★★★☆☆
Director: Tom Hooper
Starring: Hugh Jackman, Russell Crowe, Anne Hathaway, Amanda Seyfried
❝ TO LOVE ANOTHER PERSON IS TO SEE THE FACE OF GOD. ❞
Synopsis: Several years after the beginning of the French Revolution, Jean Valjean (Hugh Jackman) has just finished serving his sentence for a crime he committed. When he breaks his parole, he is hunted by Javert (Russell Crowe), whilst trying to change his ways and become an honest man. In this journey he meets Fantine (Anne Hathaway) and agrees to take care of her child, Cossette (Amanda Seyfried). An epic journey of romance, justice, tragedy and self-realisation in the midst of a passionate revolution begins.

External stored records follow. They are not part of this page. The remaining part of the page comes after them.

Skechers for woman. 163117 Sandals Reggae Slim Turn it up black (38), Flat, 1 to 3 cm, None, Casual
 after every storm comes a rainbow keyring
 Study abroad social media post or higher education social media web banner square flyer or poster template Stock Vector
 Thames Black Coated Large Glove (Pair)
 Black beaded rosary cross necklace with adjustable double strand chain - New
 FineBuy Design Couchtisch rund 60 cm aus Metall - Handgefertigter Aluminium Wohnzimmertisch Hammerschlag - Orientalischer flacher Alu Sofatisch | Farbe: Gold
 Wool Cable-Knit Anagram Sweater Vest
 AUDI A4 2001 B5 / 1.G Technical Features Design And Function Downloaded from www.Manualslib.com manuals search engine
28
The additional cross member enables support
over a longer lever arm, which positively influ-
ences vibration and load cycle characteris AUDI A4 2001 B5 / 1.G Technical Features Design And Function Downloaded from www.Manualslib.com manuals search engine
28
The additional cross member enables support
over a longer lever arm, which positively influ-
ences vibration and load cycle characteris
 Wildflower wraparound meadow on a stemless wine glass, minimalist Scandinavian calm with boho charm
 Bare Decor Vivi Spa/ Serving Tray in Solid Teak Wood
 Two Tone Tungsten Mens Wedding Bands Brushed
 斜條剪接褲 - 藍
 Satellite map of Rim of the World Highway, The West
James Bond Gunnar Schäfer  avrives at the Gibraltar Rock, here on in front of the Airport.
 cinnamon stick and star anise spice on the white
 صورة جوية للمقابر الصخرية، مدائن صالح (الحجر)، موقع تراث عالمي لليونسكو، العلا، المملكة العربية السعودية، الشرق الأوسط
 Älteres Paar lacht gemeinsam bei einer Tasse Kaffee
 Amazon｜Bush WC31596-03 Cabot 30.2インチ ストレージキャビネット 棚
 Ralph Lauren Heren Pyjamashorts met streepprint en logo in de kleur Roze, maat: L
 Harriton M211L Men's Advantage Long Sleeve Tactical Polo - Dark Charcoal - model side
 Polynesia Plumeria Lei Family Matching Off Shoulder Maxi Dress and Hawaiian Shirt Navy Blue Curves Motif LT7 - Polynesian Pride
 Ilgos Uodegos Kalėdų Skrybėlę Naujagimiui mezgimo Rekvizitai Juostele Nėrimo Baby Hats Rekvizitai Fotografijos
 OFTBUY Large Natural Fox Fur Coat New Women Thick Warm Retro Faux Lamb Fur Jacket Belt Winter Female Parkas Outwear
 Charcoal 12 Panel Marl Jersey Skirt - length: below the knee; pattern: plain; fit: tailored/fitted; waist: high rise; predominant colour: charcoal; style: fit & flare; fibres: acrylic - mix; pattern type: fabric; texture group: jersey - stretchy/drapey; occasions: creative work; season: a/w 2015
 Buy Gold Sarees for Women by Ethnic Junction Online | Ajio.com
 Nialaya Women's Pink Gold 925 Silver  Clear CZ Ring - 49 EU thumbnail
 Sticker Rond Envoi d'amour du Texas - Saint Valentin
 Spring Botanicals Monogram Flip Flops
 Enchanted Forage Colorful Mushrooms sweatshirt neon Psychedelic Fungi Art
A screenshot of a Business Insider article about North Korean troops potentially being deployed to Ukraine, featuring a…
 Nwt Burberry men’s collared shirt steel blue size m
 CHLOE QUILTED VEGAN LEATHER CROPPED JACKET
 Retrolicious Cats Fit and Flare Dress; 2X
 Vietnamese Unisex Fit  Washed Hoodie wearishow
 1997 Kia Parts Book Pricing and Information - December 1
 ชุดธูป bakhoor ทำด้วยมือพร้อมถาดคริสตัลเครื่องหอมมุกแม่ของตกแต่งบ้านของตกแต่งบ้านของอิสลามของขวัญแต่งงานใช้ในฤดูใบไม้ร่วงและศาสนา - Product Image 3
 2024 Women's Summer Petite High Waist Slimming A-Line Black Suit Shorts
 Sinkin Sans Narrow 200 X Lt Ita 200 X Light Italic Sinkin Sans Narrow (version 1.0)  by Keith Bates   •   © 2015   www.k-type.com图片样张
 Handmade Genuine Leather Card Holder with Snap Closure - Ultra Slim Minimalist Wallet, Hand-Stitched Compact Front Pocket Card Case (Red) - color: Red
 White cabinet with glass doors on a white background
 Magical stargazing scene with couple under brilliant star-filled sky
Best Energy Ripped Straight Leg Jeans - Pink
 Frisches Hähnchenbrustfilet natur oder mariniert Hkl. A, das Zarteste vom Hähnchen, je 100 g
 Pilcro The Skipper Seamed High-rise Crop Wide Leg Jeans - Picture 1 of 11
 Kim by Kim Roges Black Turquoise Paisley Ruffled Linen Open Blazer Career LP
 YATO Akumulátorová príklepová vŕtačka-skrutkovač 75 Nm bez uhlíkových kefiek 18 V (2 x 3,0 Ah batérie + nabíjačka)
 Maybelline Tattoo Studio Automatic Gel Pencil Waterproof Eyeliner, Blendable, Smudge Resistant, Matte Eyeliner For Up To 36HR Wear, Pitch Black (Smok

This film - what can be said about it that hasn't already been said? It's loud, it's obnoxious, and it demands to be seen and heard. However, whilst the story itself is one of the greatest stories ever written, that doesn't mean that a film adaptation will give it the voice it deserves. Les Misérables asks us to pity, constantly pity each character to the point where they just didn't feel human anymore. I think the problem was each unnecessary camera angle, the laboured singing, the godawful cinematography as a whole made it feel like a film and just that. Nothing more, nothing less. It didn't even attempt to pull the audience into an experience of a lifetime, which this had the potential to be. There were at times gentle and quiet moments and these revealed small fragments of hope that the film may calm down and just believe in itself. With a story like Les Misérables it already has the power deeply imbedded in it that there really doesn't need to be such a grand spectacle made of it - it can make a quiet understated film and be just as much of a triumph as this kind. It's a shame Hooper chose to make this a grand epic, because the runtime felt too long and thus felt like he didn't understand the story well enough. That being said, the performances in this were absolutely breathtaking, and in particular Hugh Jackman giving, what could very well be, the performance of his career. In fact, Hugh really carried this film well; yes, the supporting cast did a wonderful job too, but Jackman had a presence and really stripped his real identity to become Jean Valjean. I don't think Les Misérables is the roaring success that it should have been simply because of Hooper's choices as a director. Still, I think it's worth watching because these actors really pour their hearts and souls into giving their characters life, and that is such a rare thing to see in mainstream cinema today.